Deux professeurs commencent vendredi le 11e jour d'une grève de la faim qu'ils comptent poursuivre durant les congés scolaires de février afin que leur collège soit classé en établissement prioritaire Rep+, alors que le rectorat assure leur avoir fourni des moyens "équivalents".
"Au regard des mesures actées" dans cet établissement situé à Givors, entre Lyon et Saint-Étienne, "le mouvement engagé par les deux enseignants grévistes n'a pas de justification et plus de raison de se poursuivre", déclare le rectorat dans un communiqué transmis à la presse jeudi vers 18h15.
Il a mis en colère les intéressés car, selon eux, une réunion de négociations était alors toujours en cours avec la direction académique. "Cette façon de procéder est inacceptable, les collègues sont plus remontés que jamais", a déclaré à l'AFP Pierre R., qui enseigne l'histoire-géographie au collège Lucie Aubrac.
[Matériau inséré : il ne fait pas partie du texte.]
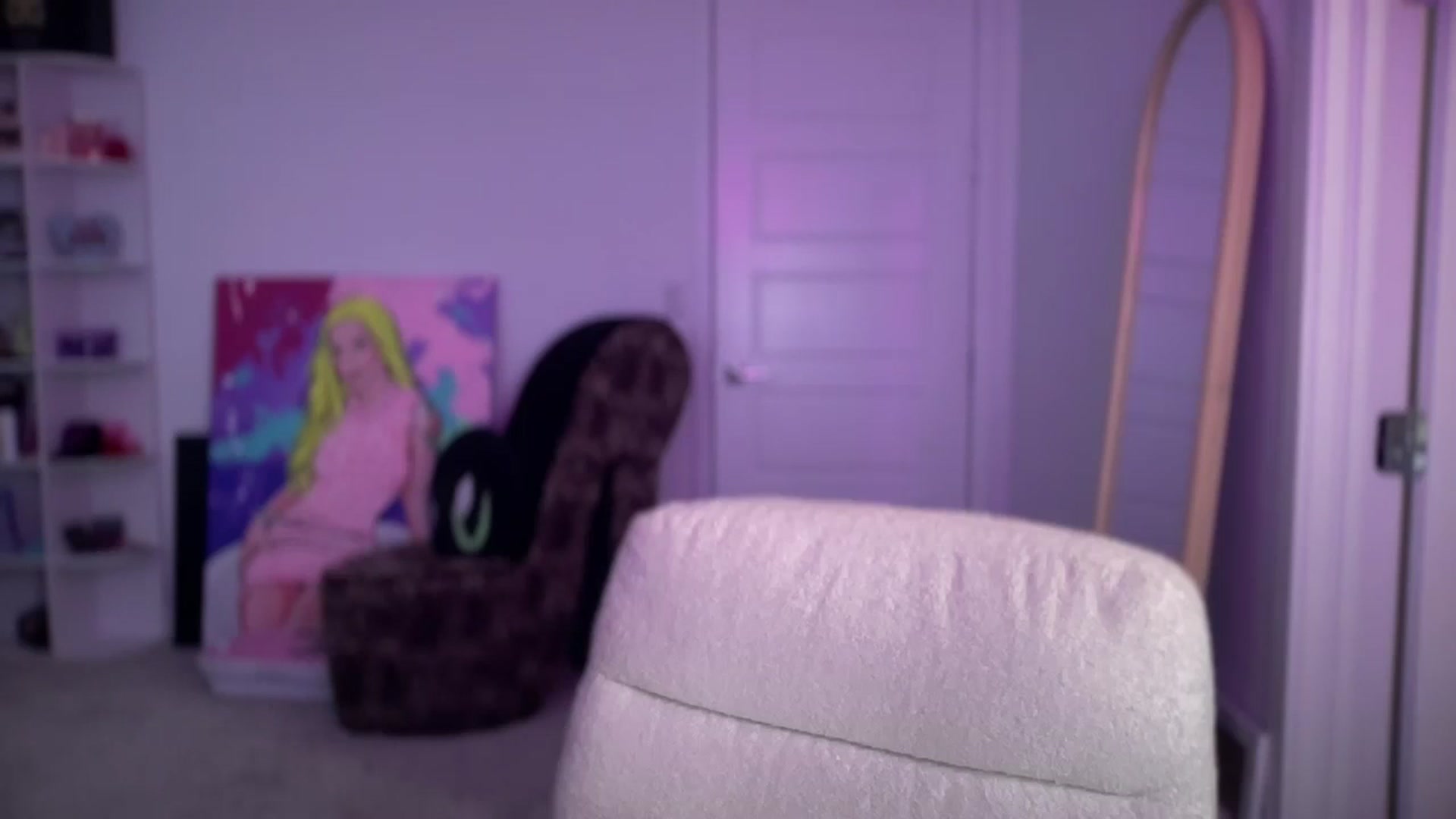 Gallery image thumbnail from Alinasnoww's myfreecams stream on, 03/05/2026, 24:06 image 11 of 20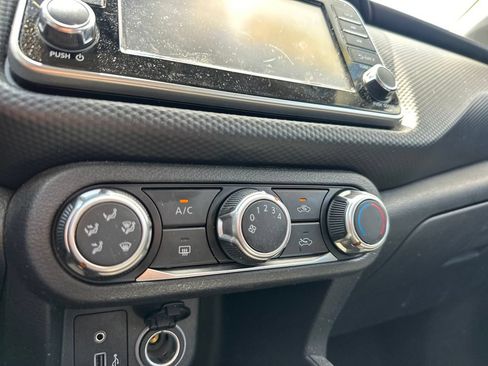 Certified 2022 Nissan Kicks S FWD image 45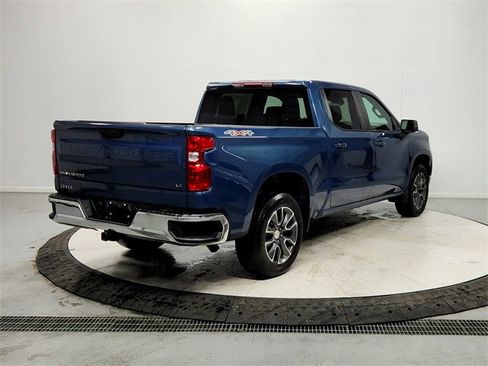 Used 2024 Chevrolet Silverado 1500 LT image 7
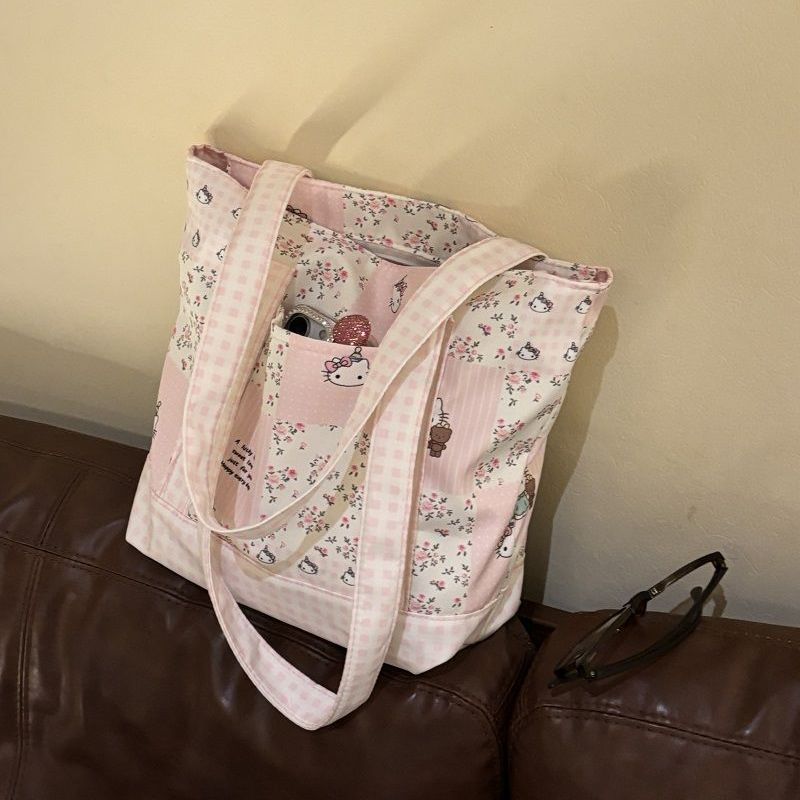 Cute Floral Kitty Patchwork Tote Bag with Zipper Closure and Multiple Inner Pockets for Daily Use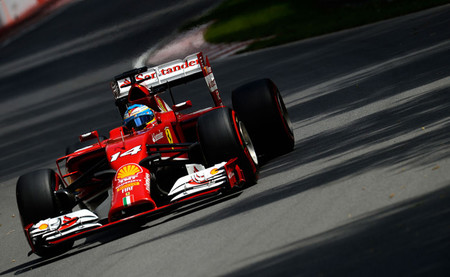 Fernando Alonso sigue en su línea con un Ferrari que no tiene lo que hay que tener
Depuis le 25 janvier, avec sa collègue d'arts plastiques Leila M., il ne se nourrit que d'eau et de bouillons et tous deux passant leurs nuits dans le collège. "On sera toujours présent pendant les vacances" d'hiver, assure-t-il, avec le soutien d'un collectif.
Leur action a été déclenchée par une série d'agressions d'enseignants par des élèves. Mais elle s'inscrit dans une lutte ancienne pour que cet établissement de 540 élèves, qui fait partie d'un réseau d'éducation prioritaire (Rep), soit classé Rep+ pour obtenir des moyens supplémentaires.
Le collège était éligible en 2015 mais la priorité a finalement été donnée à un autre dans l'académie, figeant la situation pour quatre ans. Le sésame était donc attendu pour 2019, d'autant plus qu'un changement de sectorisation en 2018 a dégradé le profil social de l'établissement. Mais la carte nationale de l'éducation prioritaire, en cours de refonte, ne changera pas avant la rentrée 2022.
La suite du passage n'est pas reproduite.